"""
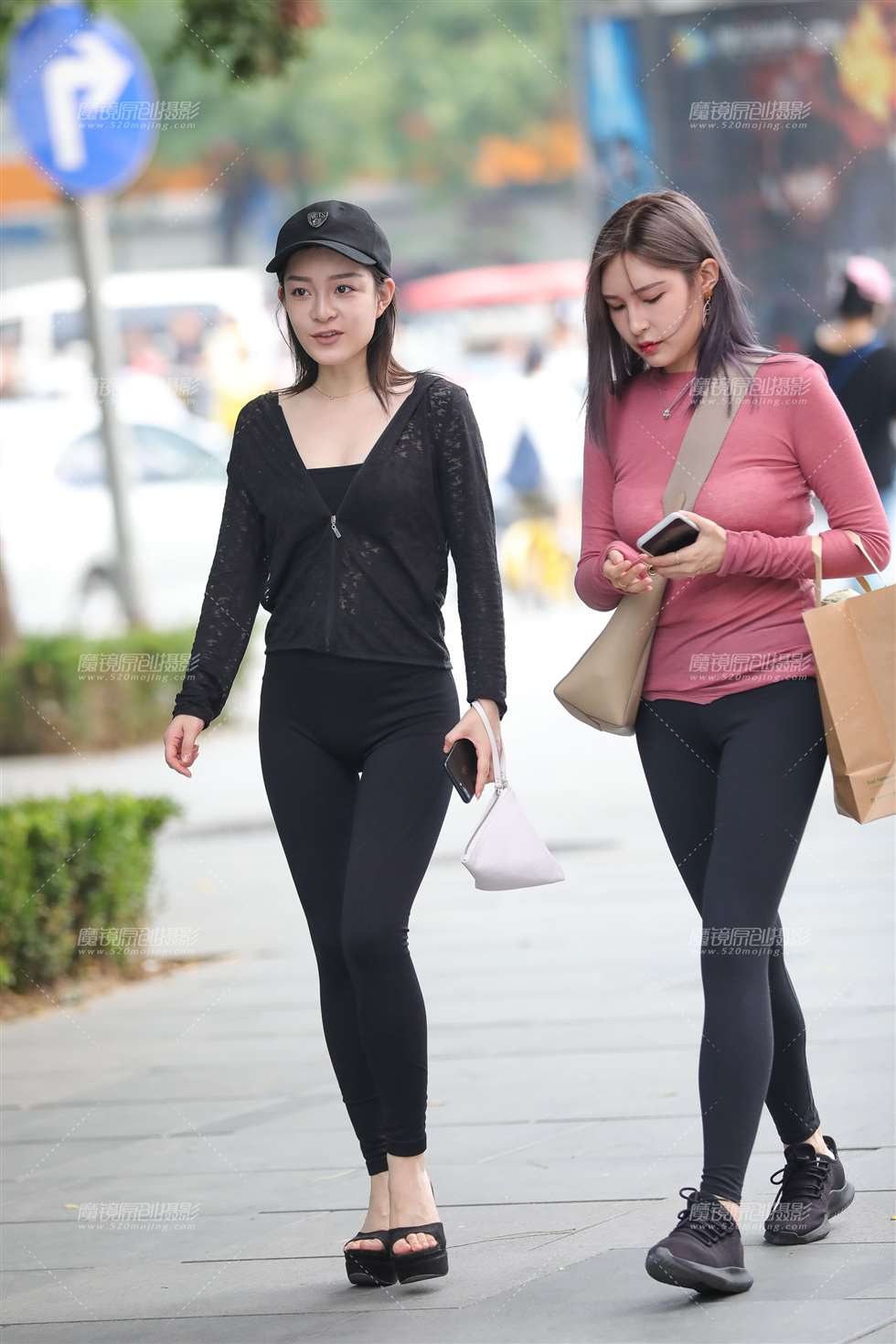 图片[3]-两个高颜值美人胚子-街拍流行馆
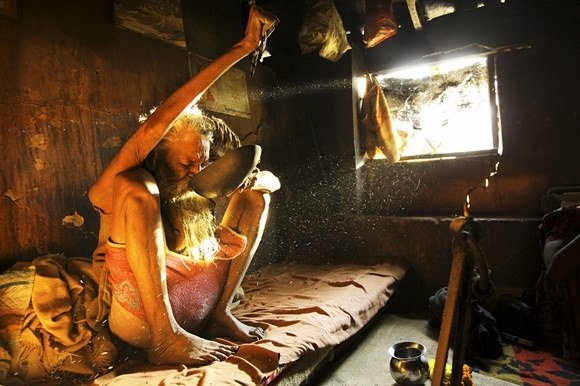 46 yıldır sağ elini hiç indirmedi galerisi resim 7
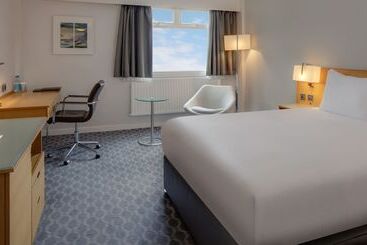 هتل Hilton London Watford
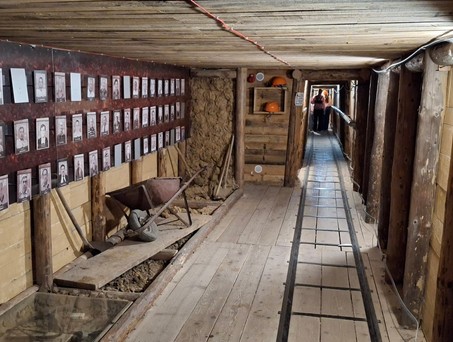 Ein Teil der Tunnelanlage unter der Piste: Er wurde inzwischen komfortabel ausgebaut und kann begangen werden.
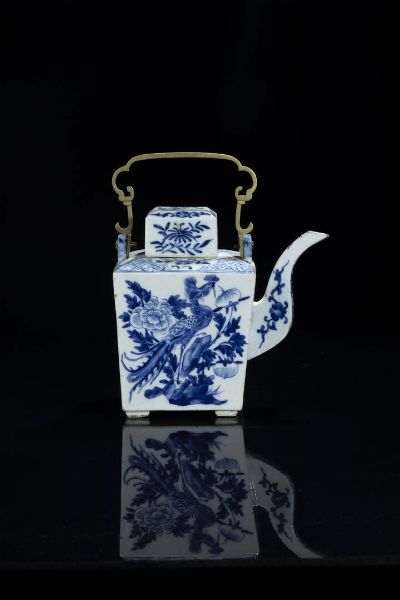 TEIERA : Teiera in porcellana bianco e blu con decori floreali e fenici  Cina  dinastia Qing  XIX sec H cm 26 Diam cm 21  - Asta Arte orientale - Associazione Nazionale - Case d'Asta italiane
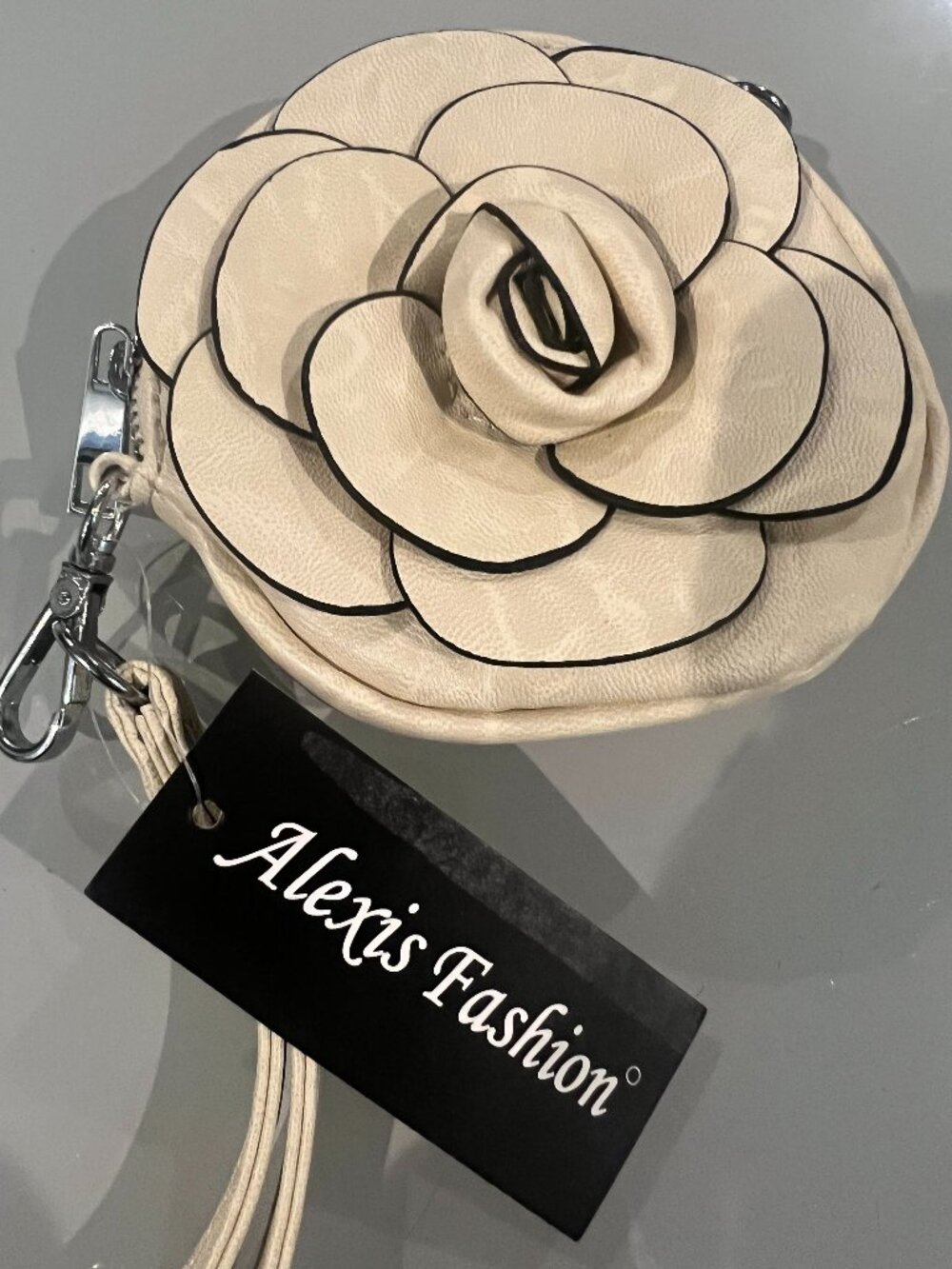 Alexis Fashion NWT Camellia Flower Round Crossbody Wristlet Bag Apricot Cream St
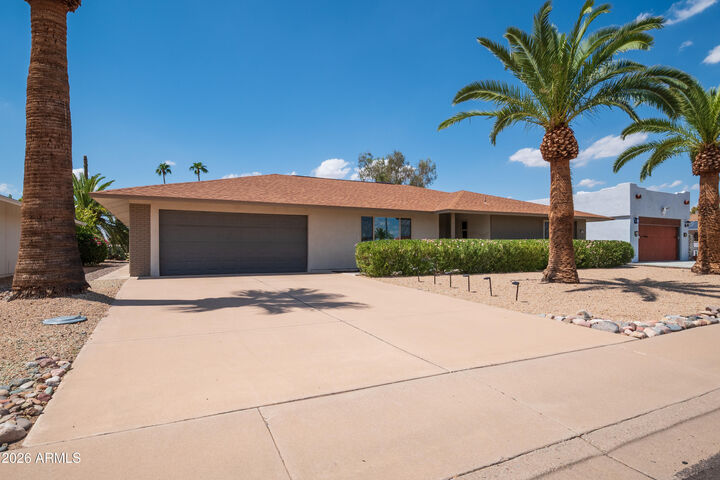 Property Photo: 18442 N Conquistador Drive AZ 85375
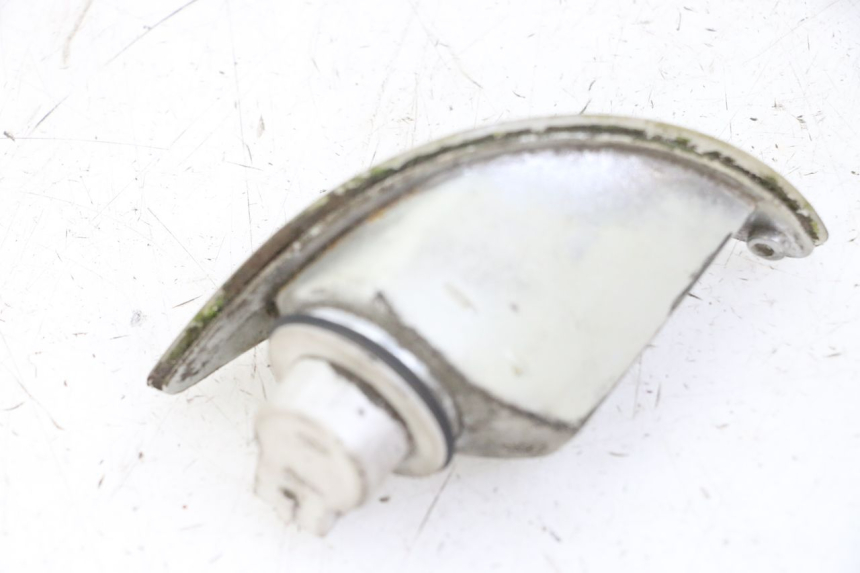 photo de TRASERO DERECHO INTERMITENTE PIAGGIO VESPA LX 150 (2005 - 2013) - Detalles de los puntos de fijación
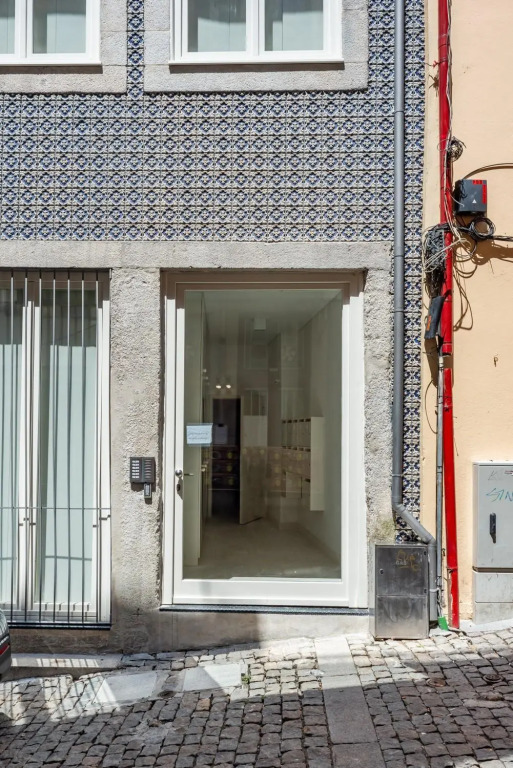 Decompress at a Tranquil, Minimal Urban Oasis with an Edge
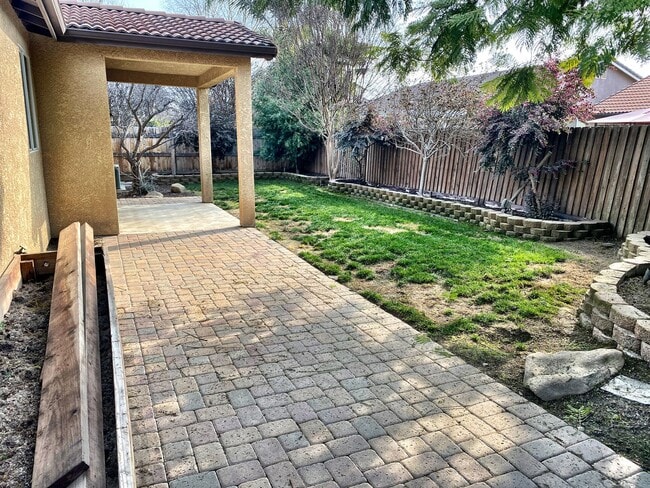 Building Photo - 6245 W Whitley Ave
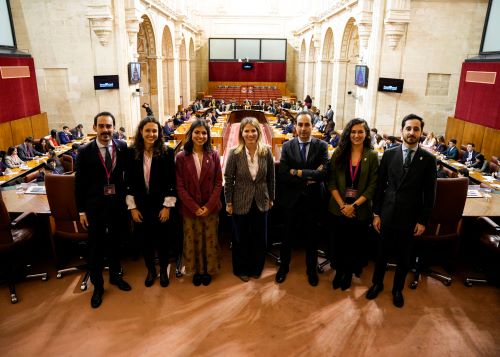   Ana Mestre y Miguel A. Ruiz junto a participantes y miembros de C�novas Fundaci�n, organizadores del acto. 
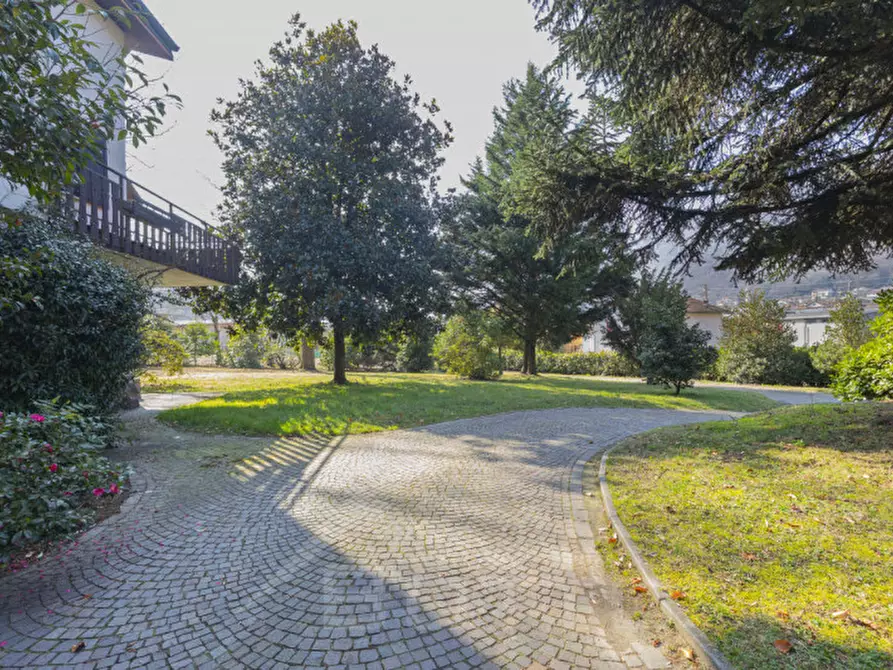 Immagine 63 di Villa in vendita  in via dei faggi 7 a Omegna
"""
Task requirements:
Print, exactly and with no pictures, the lines of the listing above starting at the one that has "Ein Teil der" and ending at the one that has "Building Photo - 6245 W Whitley Ave", both included.

Your solution:
 Ein Teil der Tunnelanlage unter der Piste: Er wurde inzwischen komfortabel ausgebaut und kann begangen werden.
 TEIERA : Teiera in porcellana bianco e blu con decori floreali e fenici  Cina  dinastia Qing  XIX sec H cm 26 Diam cm 21  - Asta Arte orientale - Associazione Nazionale - Case d'Asta italiane
 Alexis Fashion NWT Camellia Flower Round Crossbody Wristlet Bag Apricot Cream St
 Property Photo: 18442 N Conquistador Drive AZ 85375
 photo de TRASERO DERECHO INTERMITENTE PIAGGIO VESPA LX 150 (2005 - 2013) - Detalles de los puntos de fijación
 Decompress at a Tranquil, Minimal Urban Oasis with an Edge
 Building Photo - 6245 W Whitley Ave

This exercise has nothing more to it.